The Certified Authorization Professional (CAP) certification from (ISC)2 confirms that you have the knowledge, skills and experience required for authorizing and maintaining information systems within the new Risk Management Framework as outlined in NIST SP 800-37 Rev 1. Commercial organizations, civilian and local governments, and the U.S. federal government - including the State Department and Department of Defense (DoD) - rely on your expertise to ensure that information systems not only have the appropriate security measures in place, but that they are also aligned with the organization's level of exposure to risk.
CAP certification candidates must have a minimum of 2 years of cumulative paid full-time work experience in information systems security authorization. The CAP examination tests the breadth and depth of a candidate's knowledge in the seven domains of the (ISC)2 CAP CBK (Common Body of Knowledge).
What job title do you have?
CAPs hold various job functions related to security authorization, including the following titles:
- Information system security officers (ISSOs)
- Information system security managers (ISSMs)
- Information assurance (IA) practitioners performing security authorization and continuous monitoring
- Executives "signing off" on Authority to Operate (ATO)
- Inspector generals (IGs) and auditors performing independent reviews
- Program managers developing or maintaining IT systems
What's a typical day like for a CAP?
A typical day revolves around activities that ensure information systems are aligned with the organization's overall risk management framework. CAPs spend time conducting continuous monitoring exercises, risk/vulnerability assessments and other authorization activities throughout the entire lifecycle of a system. For those full-time CAPs working for an organization, they often meet with management, engineers and security staff to gather requirements, inspect systems and understand how security controls are being implemented. In addition, they advise their organization on how to mitigate threats and develop policies and security plans. CAPs that work in a consultant or analyst role conduct short-term security authorizations on behalf of their clients.
What's your job setting like?
Some CAPs work in an office or cube environment at their organization, while others work remotely as consultants performing independent assessments.
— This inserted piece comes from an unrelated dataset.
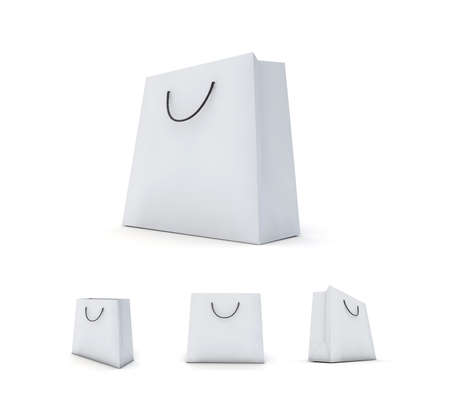3d illustration render concepts paper white bags isolated on a white backgroundの写真素材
CAPs are often also operating in military or government/federal agencies, where they have privileged access to information systems.
What skill sets are most important to your job?
CAPs need to have a broad set of managerial, operational and technical skills. They must have a strong understanding of risk management, security architectures and associated threats so they can properly determine whether systems meet the organization's security requirements. Additionally, they must understand the system development lifecycle - from when a system is created to when it is disposed - and the supporting security authorization activities required at each step along the way. They need to be critical thinkers with exceptional analytical and writing skills so they can review, interpret and develop security policies and procedures and other documentation. CAPs should understand the authorization process, and be able to comprehend how vulnerabilities affect security authorization. They also need the interpersonal skills to work alongside engineers and system owners to evaluate implementations, assess the risks, and articulate the value proposition for completing assessment and authorization (A&A) activities.
If a security breach were to take place, what is your role in handling remediation and/or prevention?
CAPs are involved in advising, monitoring, directing and documenting the mitigation and response to the breach. They investigate what happ ned to identify system vulnerabilities and lessons learned, and use this knowledge to institute new policies and procedures that will help to prevent similar incidents in the future as well as make recommendations for improvements to help minimize the risk of future breaches.